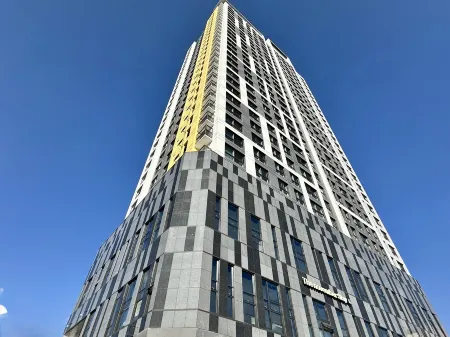 The november Stay Guri Station Отели в г. Кури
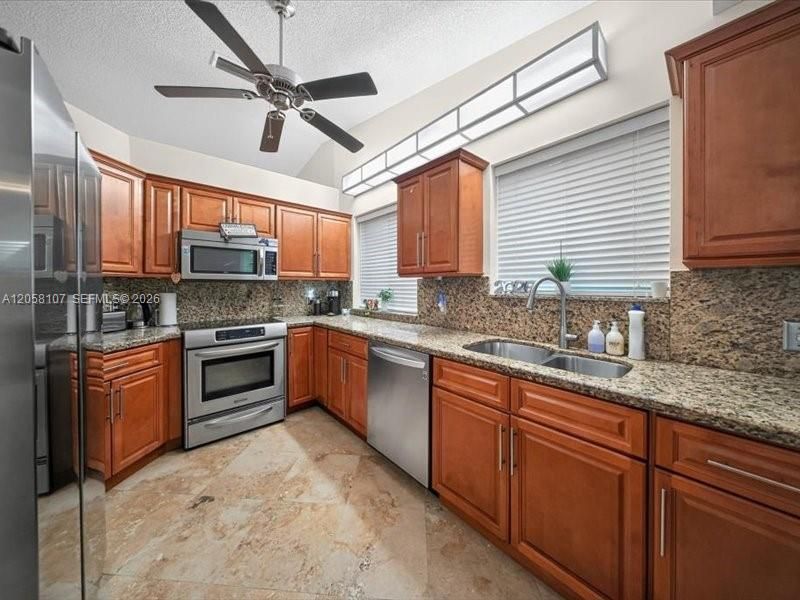 8514 SW 209th Ln, Cutler Bay, FL 33189 Photo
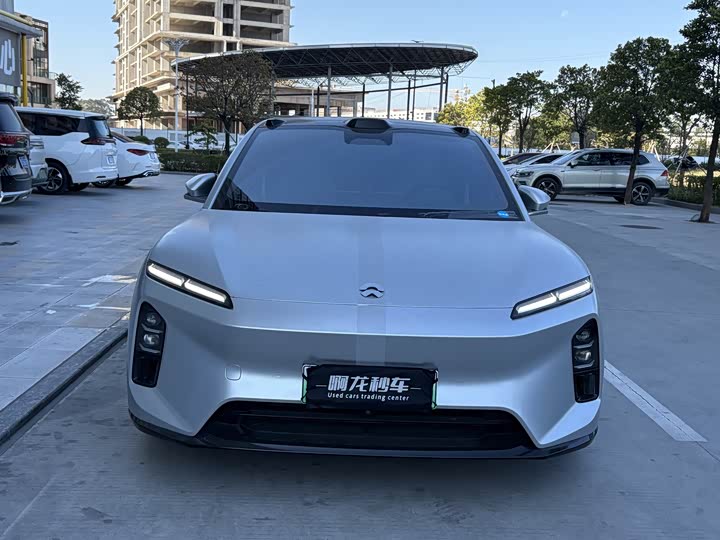 2025 Nio ET5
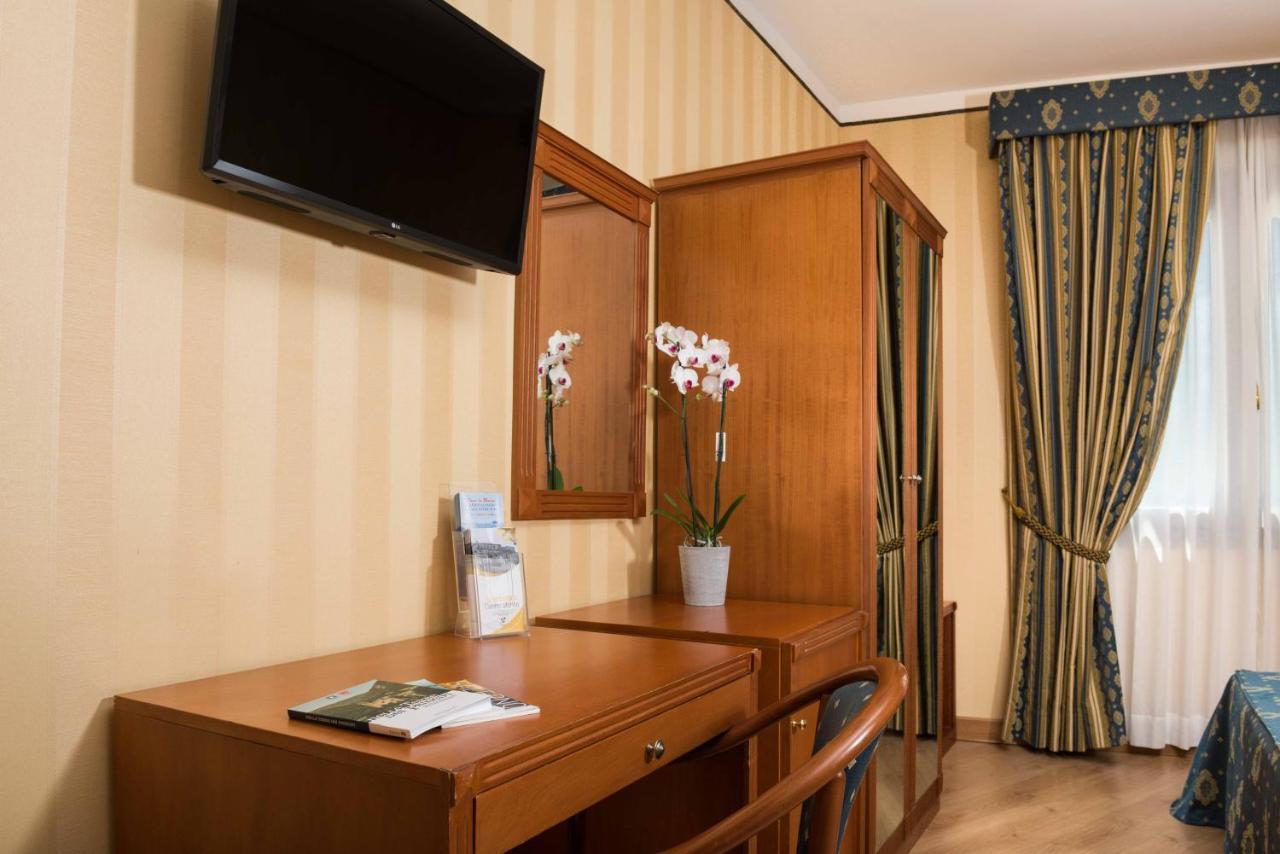 Hotel Hermitage Полла Экстерьер фото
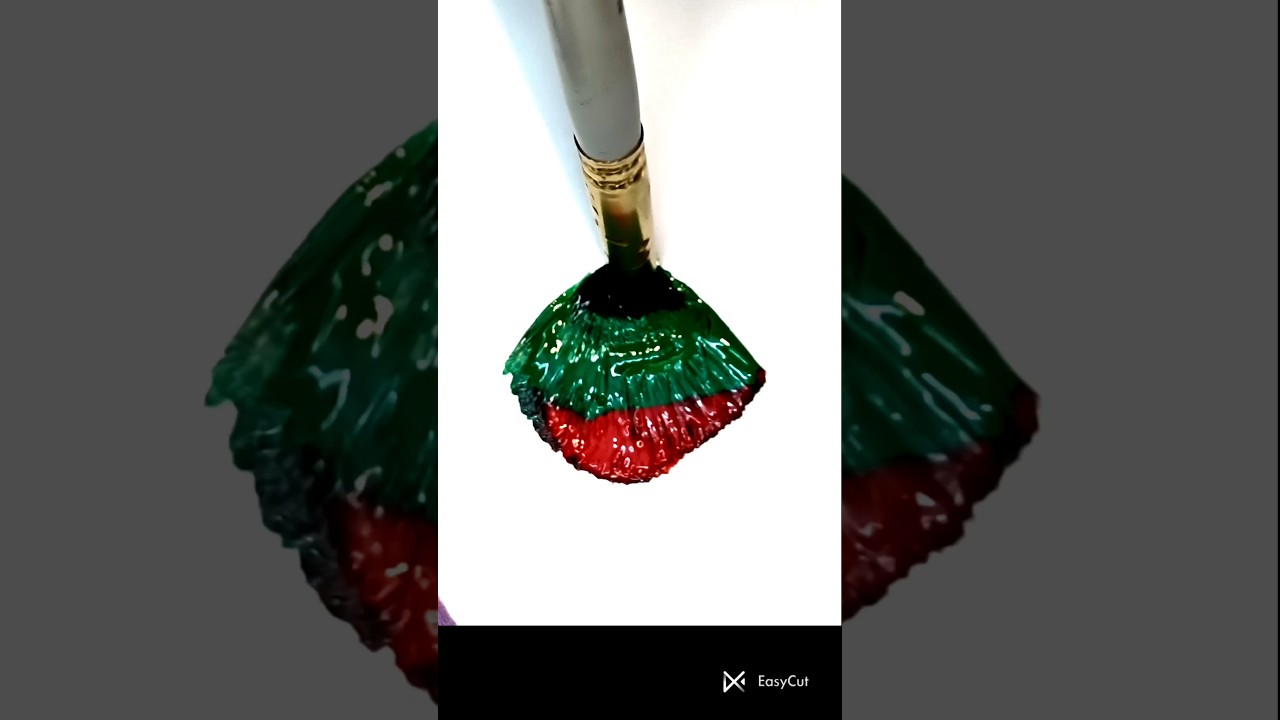 Green + Red = Visual Peace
_ _ _ _ _ _ _
## [EXERCISE BRIEF]
Repeat every record above exactly. Omit the pictures.

## [YOUR RESPONSE]
 The november Stay Guri Station Отели в г. Кури
 8514 SW 209th Ln, Cutler Bay, FL 33189 Photo
 2025 Nio ET5
 Hotel Hermitage Полла Экстерьер фото
 Green + Red = Visual Peace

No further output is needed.